## How to complete this task
Of all the lines below, return only those starting with the line holding "Proces Dawida Mirkowskiego" and going on through the line holding "2 Bed Townhouse Near Kirkstall Forge Station", exactly as written.

## Material shown
╭──

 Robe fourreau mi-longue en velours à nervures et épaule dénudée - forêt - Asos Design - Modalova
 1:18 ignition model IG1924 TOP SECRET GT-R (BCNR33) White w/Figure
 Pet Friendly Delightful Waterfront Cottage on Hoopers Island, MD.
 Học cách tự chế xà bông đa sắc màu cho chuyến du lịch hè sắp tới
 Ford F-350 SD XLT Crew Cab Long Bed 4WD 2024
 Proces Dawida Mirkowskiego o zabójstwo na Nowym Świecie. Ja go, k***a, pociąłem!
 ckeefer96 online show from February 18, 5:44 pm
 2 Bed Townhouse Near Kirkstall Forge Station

╰──
╭──

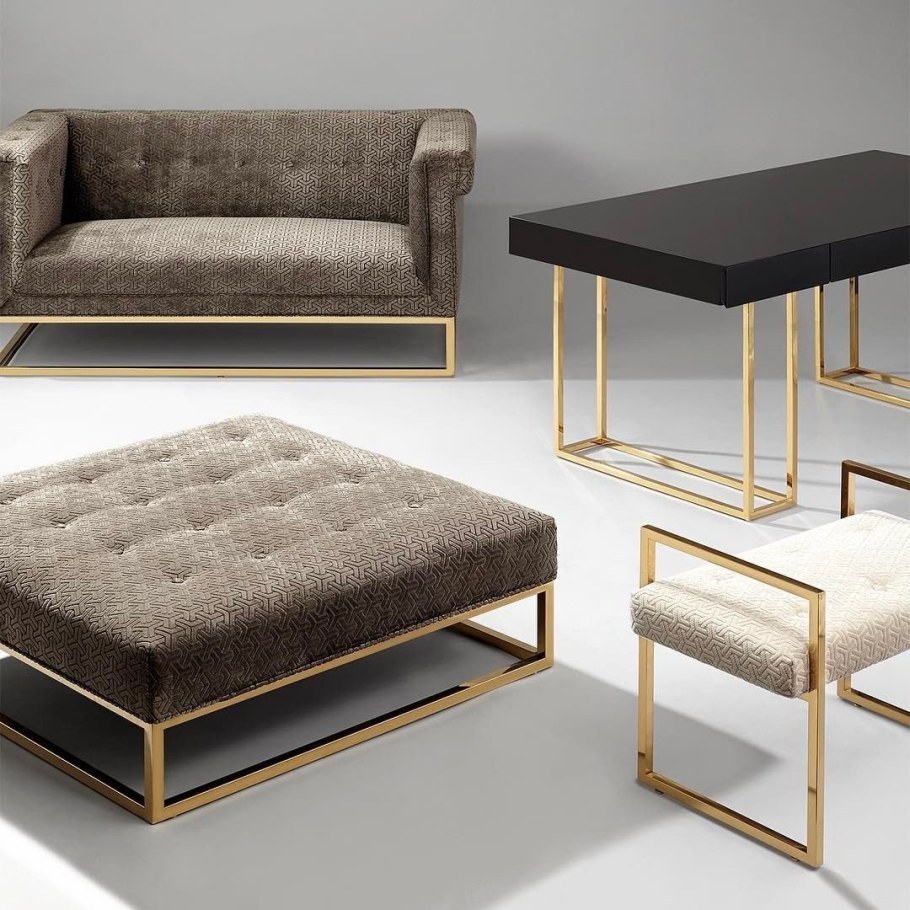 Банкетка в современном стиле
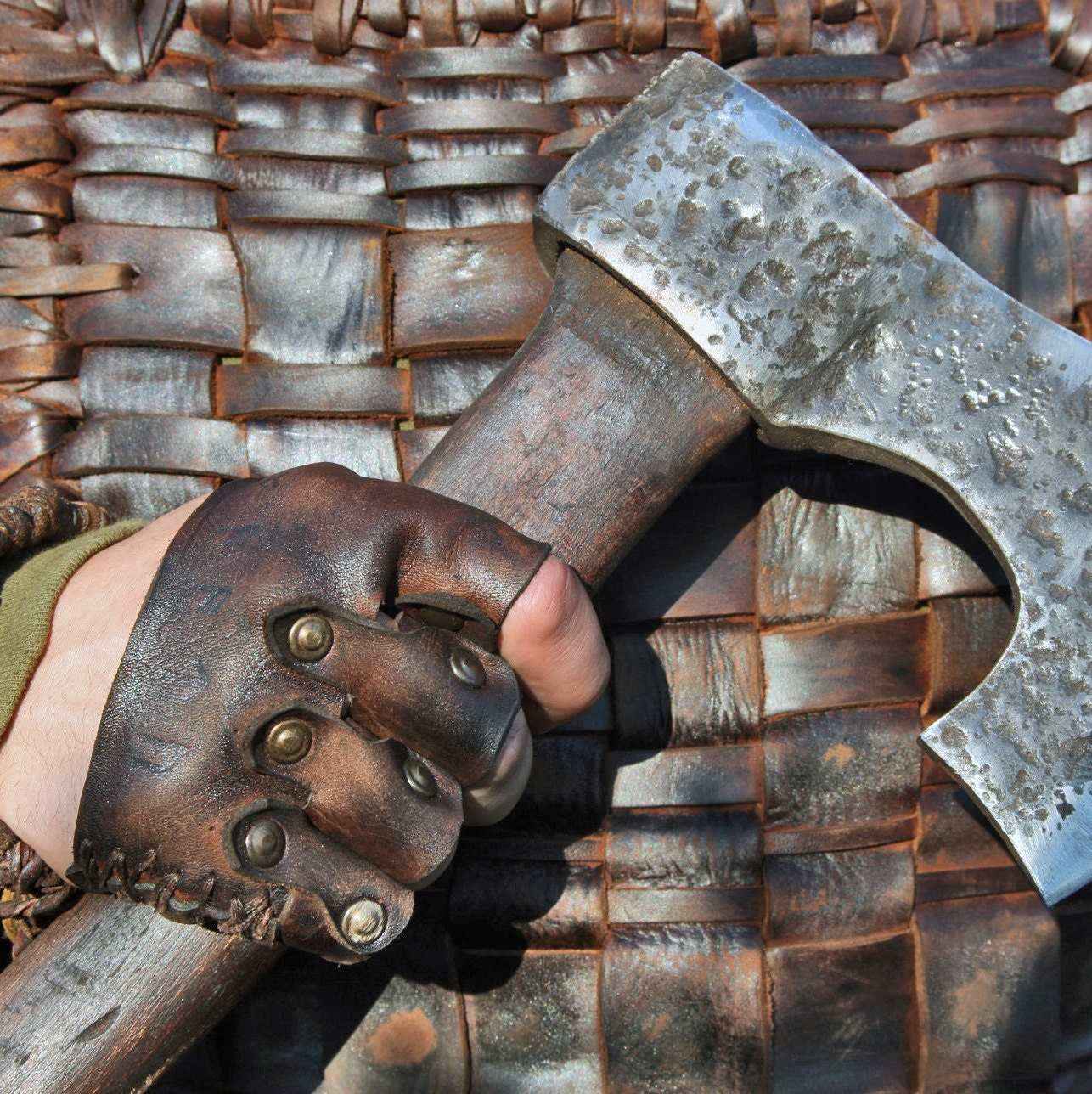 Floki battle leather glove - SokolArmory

╰──

## Expected output
 Proces Dawida Mirkowskiego o zabójstwo na Nowym Świecie. Ja go, k***a, pociąłem!
 ckeefer96 online show from February 18, 5:44 pm
 2 Bed Townhouse Near Kirkstall Forge Station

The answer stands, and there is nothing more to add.